A tahoe has a very compliant and cushy suspension.. If you add bigger bars, you may lose many of the ride qualities.

1000lb bars on a 600lb tongue weight will cause much bounce and buck because the bars are fighting the rear suspension of the Tahoe. Now if the Tahoe is heavilly loaded, then maybe 1000lb bars would be ok, but you will still lose ride quality doing that.

If a bar is choosen close to the actual tongue weight, then a suspension helper is choosen to support extra weight from vehicle loading, you will still obtain a factory like ride.

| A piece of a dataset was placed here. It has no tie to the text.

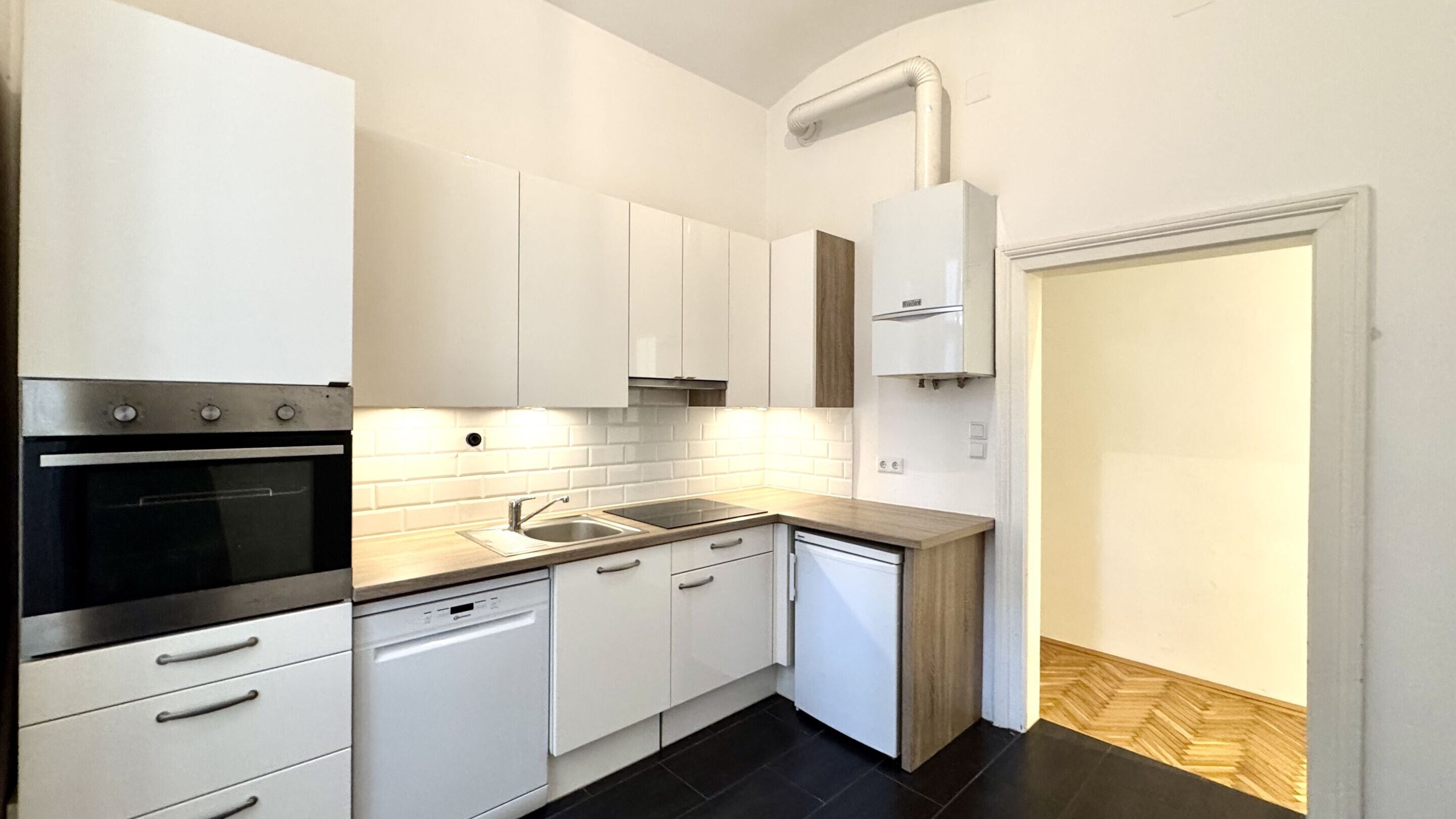 separate Küche mit Fenster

Many buy the biggest bar and then use it to help pick up the rear of the tow vehicle, from vehicle loading along with distributing the hitch weight.

The bigger bars will cause the vehicle to ride rough and bounce alot. The bars used as a suspenion helper device are not meant to be used that way. The suspension cannot control a big spring bar either. This is why its common for a vehicle to have a rough ride when using a spring bar that is over powered for the actual tongue weight.

Carey


----------



## Nathan (Jan 2, 2007)

Oh, should have checked those TT spec's

I'm with Carey on this one. Also, don't worry if you have your head tilted back and everything is working fine.


----------



## CamperAndy (Aug 26, 2004)

Nathan said:


> Oh, should have checked those TT spec's
> 
> I'm with Carey on this one. Also, don't worry if you have your head tilted back and everything is working fine.

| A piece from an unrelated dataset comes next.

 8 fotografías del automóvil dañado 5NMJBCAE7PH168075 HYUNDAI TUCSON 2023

Sure that's all true, I knew it was a light weight trailer, I just tried to give him options. Depending on the TV loading the response curve of 1000 pound bars may be preferred to the 800 pound bars. I actually though he could have had 600 pound bars and that would have been an issue.

To the OP don't worry about the head tilt if the ride is good then you just used the adjustment that is built into the hitch. No harm no foul.


----------



## Carey (Mar 6, 2012)

CamperAndy said:


> Oh, should have checked those TT spec's
> 
> I'm with Carey on this one. Also, don't worry if you have your head tilted back and everything is working fine.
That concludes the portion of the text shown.